Read the YIDFF 2025 preview here, and report 2 here
Let’s start from the end. This is a short review of the last movie I saw in Yamagata, SPI by Sayun Simung, whose Millets Back Home I saw at the festival almost exactly 10 years ago.
The film explores what it means to be part of the Tayal Indigenous people in Taiwan in the 2020s. Director Simung approaches this through a first-person documentary, turning the camera toward her own family—as she did in Millets Back Home—crafting both a tribute to her late grandfather and an intimate portrayal of everyday life in the small mountain village of Sqoyaw.
At the center of the film lies the concept of Gaga, a term apparently difficult to translate, but that has been rendered as Tayal law and cosmology in academic papers. Simung embarks on a search for what Gaga means for her and her relatives, depicting the everyday life of her family while interspersing scenes of natural landscapes—shot in a different aspect ratio—during which she addresses the spirit of her late grandfather. The world of dreams—SPI means “dream” in the Tayal language—as well as that of the ancestors and spirits is a constant but subtle presence throughout the documentary. It unfolds as a sort of hidden dialog between the living and the dead—a theme, once again not in the foreground, that I noticed in many of the documentaries I saw in Yamagata this year.
Unlike many of the works presented in this year’s New Asian Currents, SPI avoids formal experimentation, its apparent simplicity, however, becomes a strength, allowing the film to convey on screen the small joys and struggles the director’s family has to face.
After a meandering opening, the film gains momentum, shifting gears when we discover that the director’s younger sister is pregnant at just seventeen. This development opens up one of the most fascinating sections of the work. At first, the grandmother cannot accept her granddaughter’s pregnancy—because she is too young and also because, possibly, the future husband belongs to a different indigenous group, the Paiwan. One of the most memorable sequences depicts the meeting between the two families: different languages are spoken, and Mandarin becomes the bridge of communication. They discuss how the wedding customs of each group—all of which involve the slaughter of an animal, slightly differ. During these long conversations, the camera often cuts to the faces of the young couple, silent and visibly lost.

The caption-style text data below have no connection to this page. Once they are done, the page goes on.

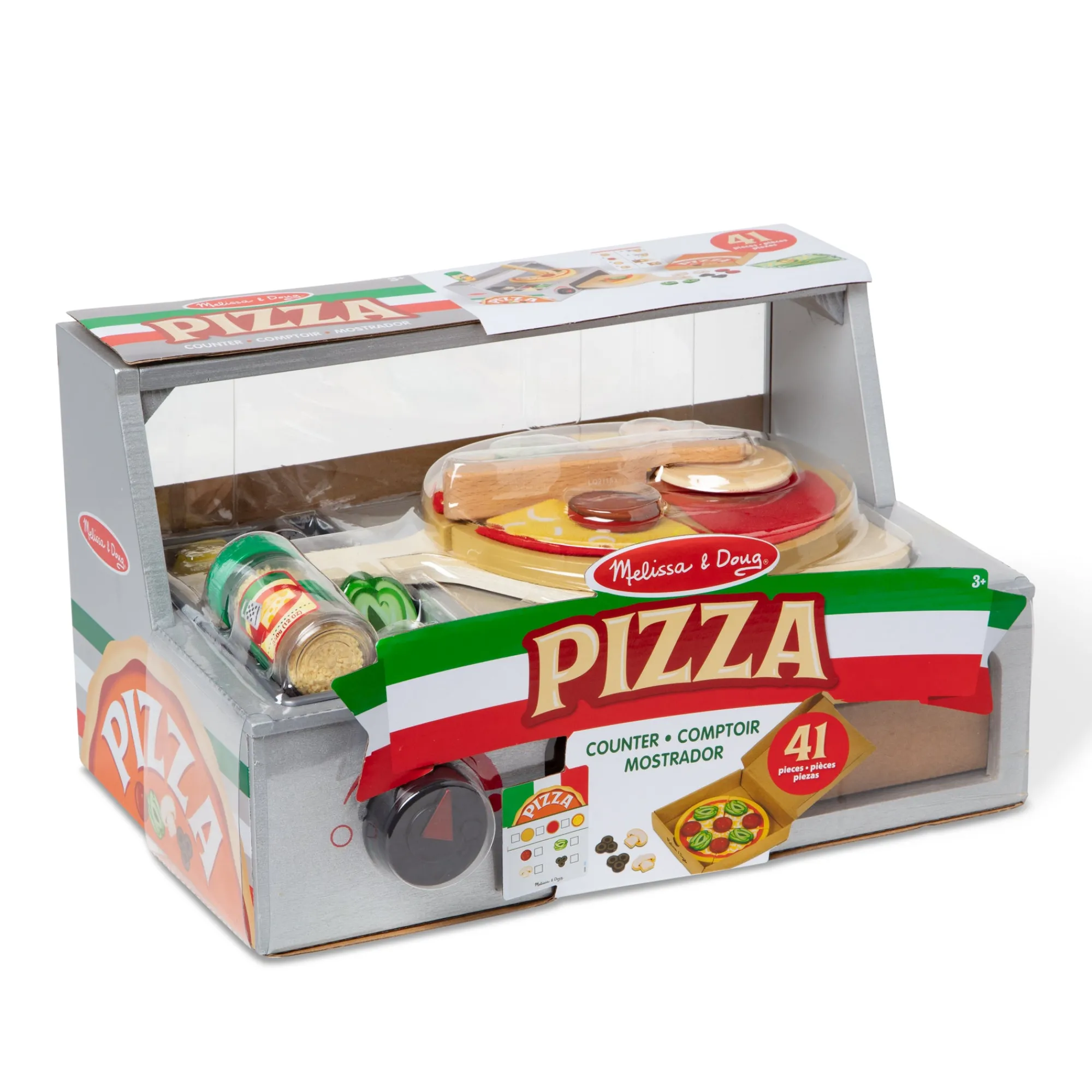 Top & Bake Pizza Counter - Wooden Play Food>Melissa & Doug Discount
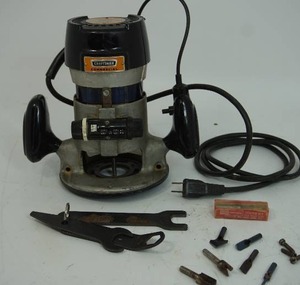 lot 95 image: Garage Shop Power Hand Tools Vintage Sears Craftsman Commercial Router 1HP 25K RPM #315.17370...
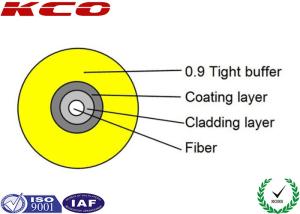 China 0.9mm Tight Buffered Fiber Optic Cable Inside Simplex 3km Each Roll factory
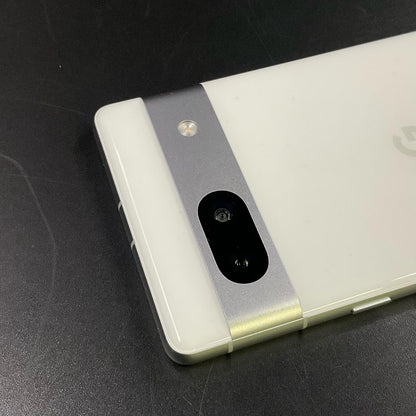 【全額返金保証】【最速発送】Google Pixel 7a 128GB ホワイト Softbank G82U8 白ロム 動作確認済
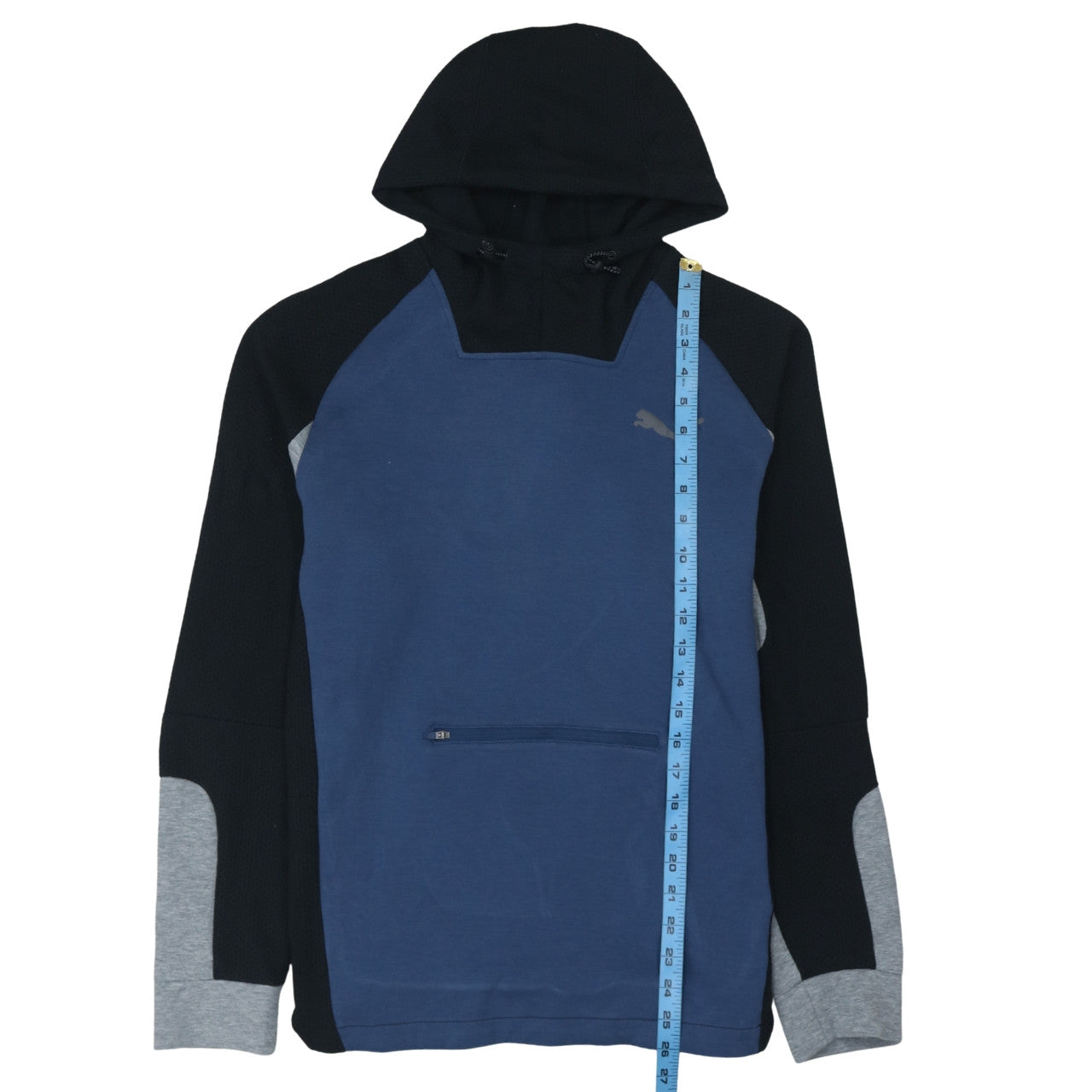 Puma Men’s Blue Pullover Hoodie Size L Sports Style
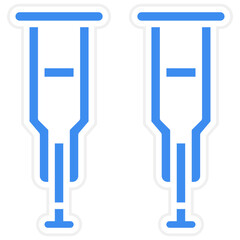 Crutches Icon Style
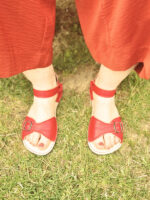size 37, 39 Sandals Boho leather red santa - Image 4
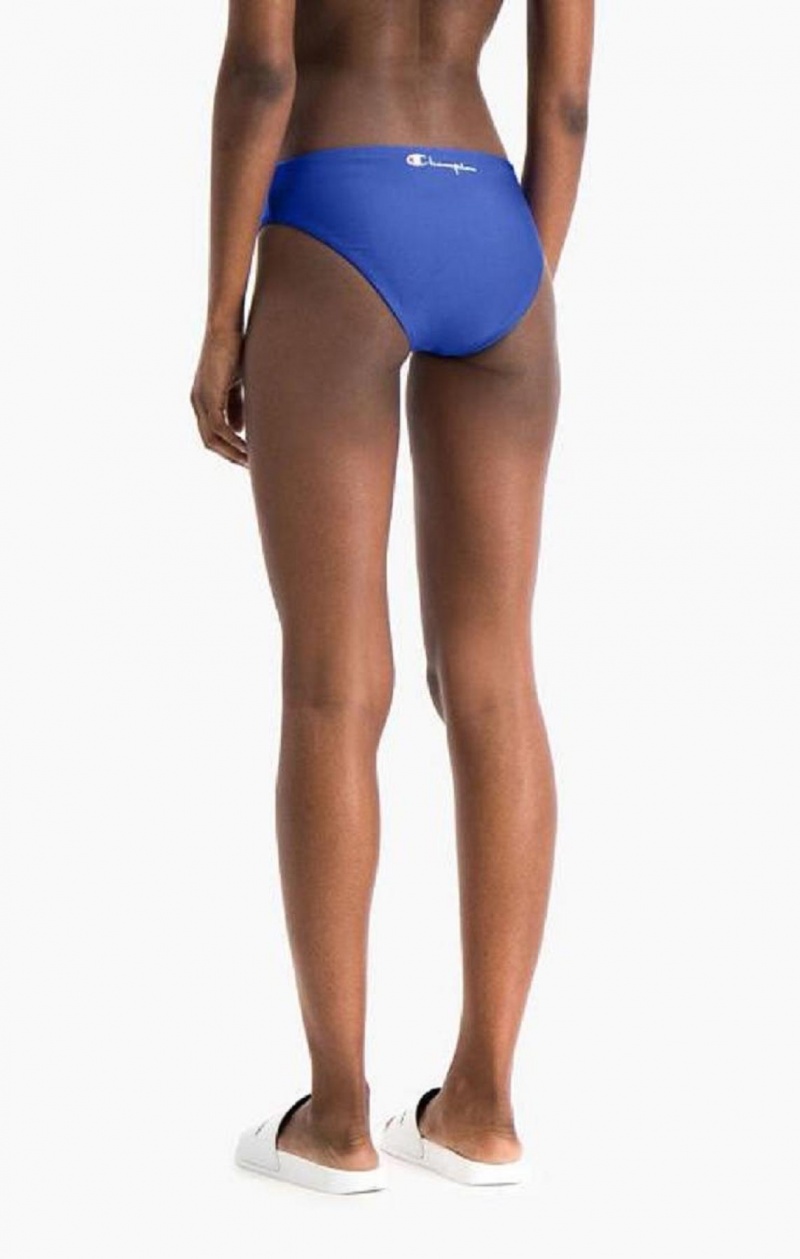 Champion Reversible C Logo High Pásom Bikiny Bottoms Plavky Damske Modre | 3790-ICYSF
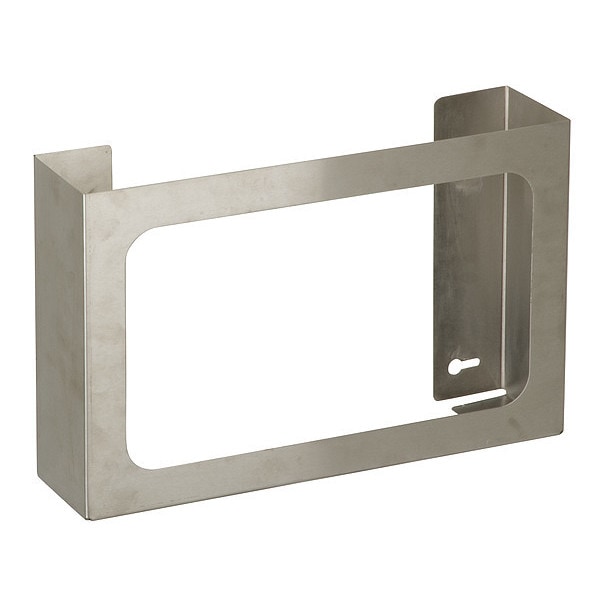 Zoro Select Glove Box Dispenser, Stainless Steel, Holds (3) Boxes , Silver , 10"H x 16"W x 3-3/4"D - 6GLA1
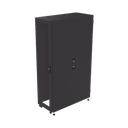 Gabinete Profesional para Telecomunicaciones de 45UR, 1200 mm Profundidad, Incluye 2 Organizadores Verticales de 45 Unidades de Rack, Se envía el Gabinete Armado. | LP-60120-45U-R2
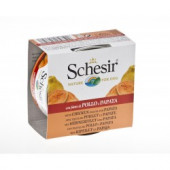 Agras Schesir Nature Chicken Fillet with Papaya Храна за кучета с пилешко филе и папая 150 гр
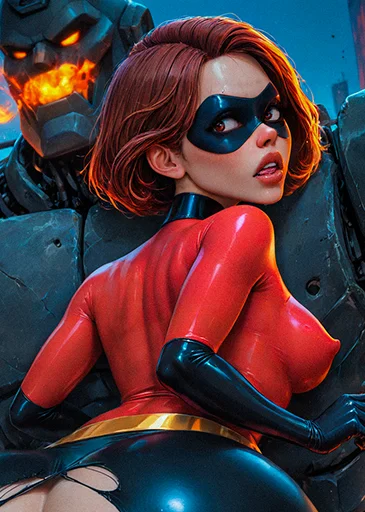 Elastigirl Vs Robo Cock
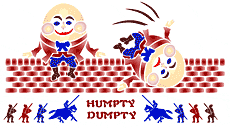 Humpty Dumpty - pochoir pour la décoration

As is often the case in documentaries about Taiwan’s indigenous peoples, it is striking to see how traditions and beliefs evolve while seemingly remaining the same. A particularly significant moment comes during a Tayal year-end ceremony, where fireworks light up the night sky. The following shot shows the village from afar, with a church and bell tower standing out—echoing an earlier scene where the grandmother visits the church.
Yet this ongoing search for what defines a Tayal way of life in contemporary Taiwan is only one layer of the film. SPI concludes with a brief, tender scene filmed while the grandfather was still alive, showing him cutting pork—an emblematic choice that underscores how the documentary also serves as a heartfelt farewell from the director to her beloved grandfather, intertwining the personal loss with the broader meditation on tradition and identity.
Just a final note on the title, I would have preferred to keep a translation more faithful to the original which is, I believe, something like Dreams in the Fire Room.